**What the exercise asks**
Write out again, please, the records below from the first line to the line holding "Una cocina con", inclusive, and nothing else.

* * *

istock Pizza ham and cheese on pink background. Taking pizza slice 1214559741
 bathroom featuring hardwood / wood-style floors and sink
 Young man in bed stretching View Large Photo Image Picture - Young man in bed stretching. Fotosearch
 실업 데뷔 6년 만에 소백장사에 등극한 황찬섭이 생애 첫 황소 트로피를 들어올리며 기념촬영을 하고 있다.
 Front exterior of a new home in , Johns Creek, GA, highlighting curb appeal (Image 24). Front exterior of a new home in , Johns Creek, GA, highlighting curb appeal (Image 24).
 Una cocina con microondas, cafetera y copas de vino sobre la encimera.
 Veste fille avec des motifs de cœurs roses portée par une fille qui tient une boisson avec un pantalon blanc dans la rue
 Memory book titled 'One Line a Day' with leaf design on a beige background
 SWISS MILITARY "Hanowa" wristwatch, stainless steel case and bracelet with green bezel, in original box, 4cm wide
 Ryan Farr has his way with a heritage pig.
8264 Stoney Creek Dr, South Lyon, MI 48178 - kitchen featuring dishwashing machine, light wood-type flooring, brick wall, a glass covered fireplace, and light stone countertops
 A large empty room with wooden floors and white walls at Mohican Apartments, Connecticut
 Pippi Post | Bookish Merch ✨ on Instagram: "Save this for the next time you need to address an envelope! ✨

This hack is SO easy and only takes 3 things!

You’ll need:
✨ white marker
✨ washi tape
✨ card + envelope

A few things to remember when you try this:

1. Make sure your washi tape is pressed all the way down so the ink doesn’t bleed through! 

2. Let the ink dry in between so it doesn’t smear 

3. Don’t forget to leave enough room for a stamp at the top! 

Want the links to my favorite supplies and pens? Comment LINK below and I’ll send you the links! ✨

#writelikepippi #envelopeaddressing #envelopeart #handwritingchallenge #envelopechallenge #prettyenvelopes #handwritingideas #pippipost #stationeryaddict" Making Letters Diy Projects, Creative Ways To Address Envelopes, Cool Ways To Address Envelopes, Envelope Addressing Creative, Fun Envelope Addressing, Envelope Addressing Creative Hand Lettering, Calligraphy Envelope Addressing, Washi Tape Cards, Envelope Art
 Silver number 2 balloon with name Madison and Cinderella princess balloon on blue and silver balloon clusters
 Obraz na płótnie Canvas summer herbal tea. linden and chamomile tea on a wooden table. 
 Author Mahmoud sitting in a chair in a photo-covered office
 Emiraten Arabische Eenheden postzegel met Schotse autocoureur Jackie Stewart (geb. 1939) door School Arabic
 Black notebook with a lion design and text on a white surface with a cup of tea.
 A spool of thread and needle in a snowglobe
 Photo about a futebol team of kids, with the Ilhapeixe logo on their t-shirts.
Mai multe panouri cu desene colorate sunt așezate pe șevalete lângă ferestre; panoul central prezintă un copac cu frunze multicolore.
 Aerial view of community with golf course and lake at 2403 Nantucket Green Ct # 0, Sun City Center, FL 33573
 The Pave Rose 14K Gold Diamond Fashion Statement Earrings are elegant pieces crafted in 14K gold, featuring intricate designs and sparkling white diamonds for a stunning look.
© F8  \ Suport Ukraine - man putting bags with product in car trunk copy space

* * *

**Written solution**
istock Pizza ham and cheese on pink background. Taking pizza slice 1214559741
 bathroom featuring hardwood / wood-style floors and sink
 Young man in bed stretching View Large Photo Image Picture - Young man in bed stretching. Fotosearch
 실업 데뷔 6년 만에 소백장사에 등극한 황찬섭이 생애 첫 황소 트로피를 들어올리며 기념촬영을 하고 있다.
 Front exterior of a new home in , Johns Creek, GA, highlighting curb appeal (Image 24). Front exterior of a new home in , Johns Creek, GA, highlighting curb appeal (Image 24).
 Una cocina con microondas, cafetera y copas de vino sobre la encimera.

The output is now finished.